• **What you should do**
Using the records that follow, reproduce exactly the lines starting at the line containing "jennifer ts online show from 02/11/26, 06:41" and ending at the line containing "2024 AUDI Q8". Include both end lines and no pictures.

• **Records for processing**
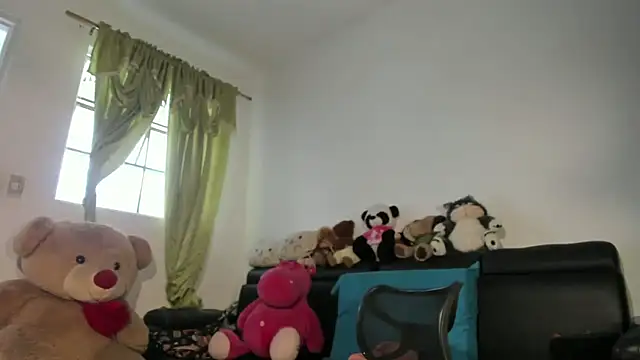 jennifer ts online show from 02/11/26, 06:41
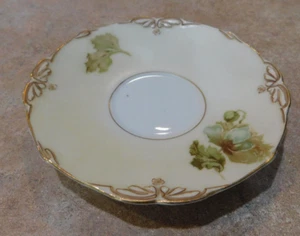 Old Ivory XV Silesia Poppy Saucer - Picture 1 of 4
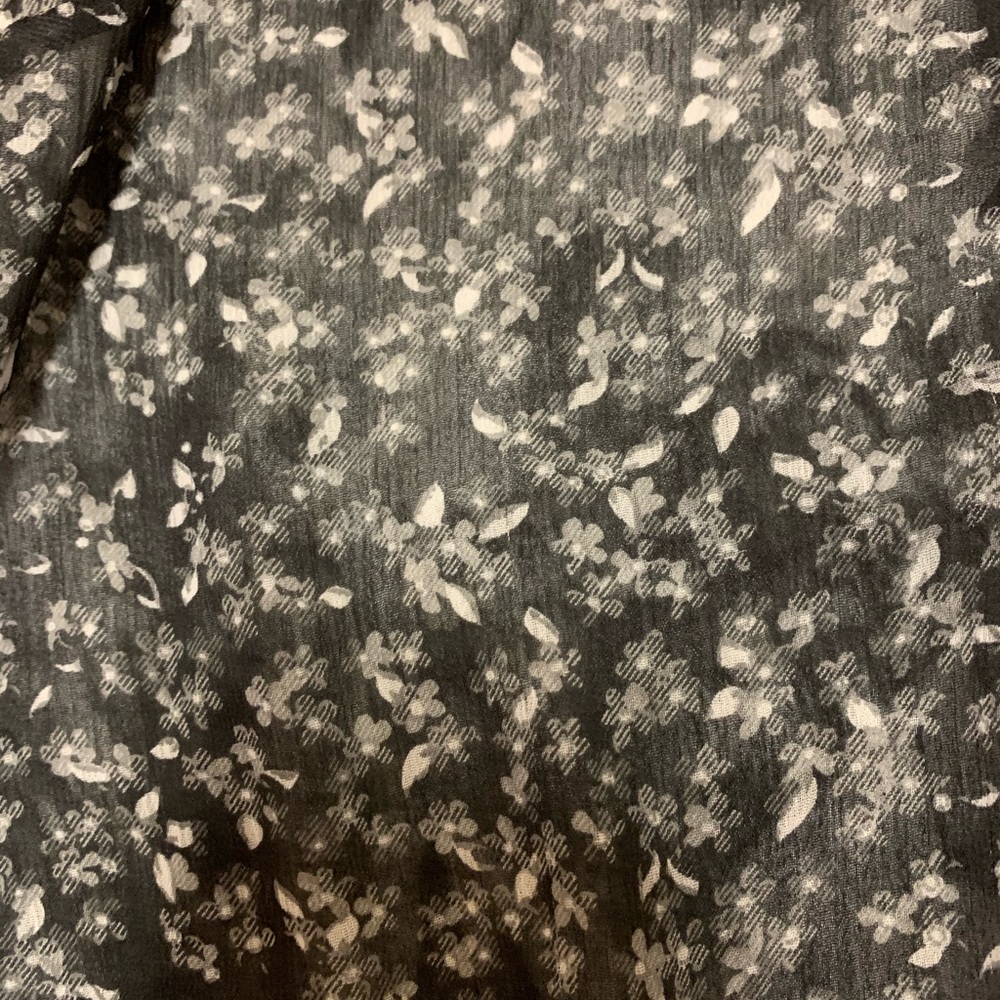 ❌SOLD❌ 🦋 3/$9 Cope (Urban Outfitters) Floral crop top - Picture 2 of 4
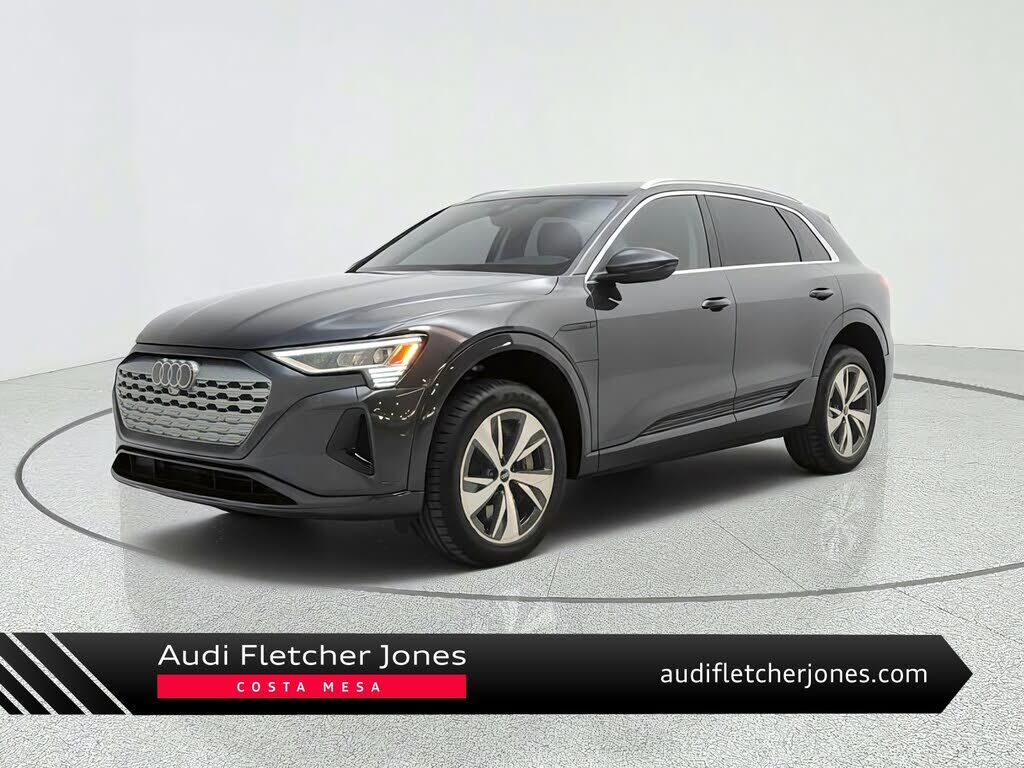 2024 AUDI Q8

...

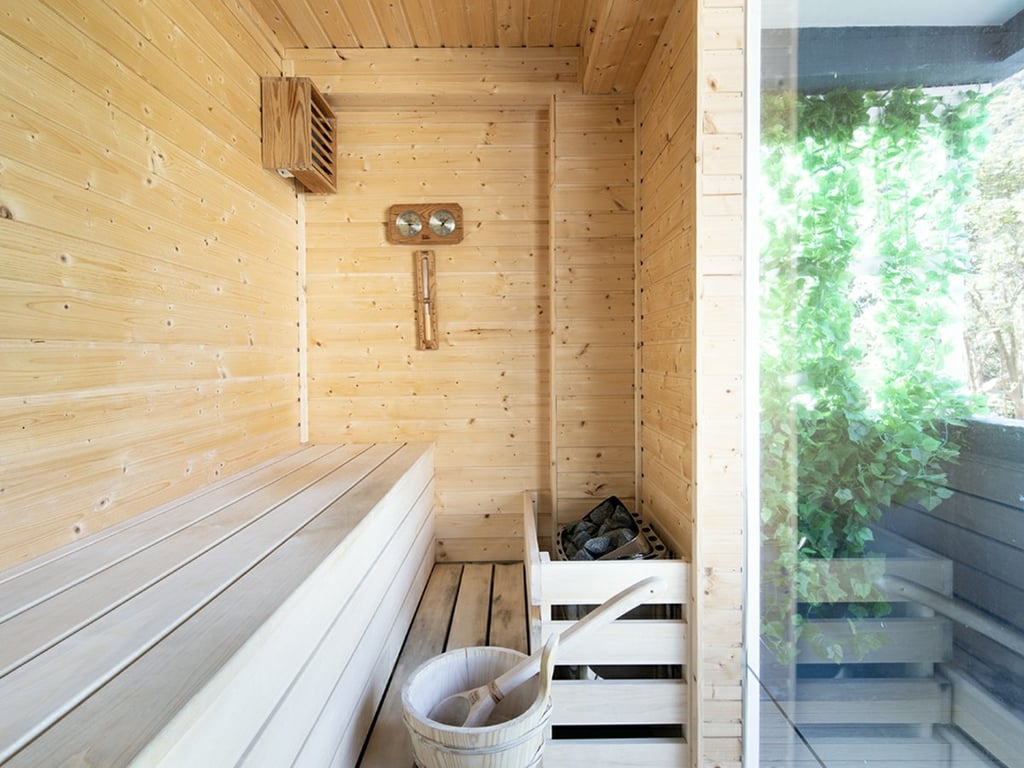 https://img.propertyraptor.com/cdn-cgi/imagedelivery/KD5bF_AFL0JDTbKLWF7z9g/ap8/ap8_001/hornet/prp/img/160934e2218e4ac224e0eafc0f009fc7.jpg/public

• **Answer to the problem**
 jennifer ts online show from 02/11/26, 06:41
 Old Ivory XV Silesia Poppy Saucer - Picture 1 of 4
 ❌SOLD❌ 🦋 3/$9 Cope (Urban Outfitters) Floral crop top - Picture 2 of 4
 2024 AUDI Q8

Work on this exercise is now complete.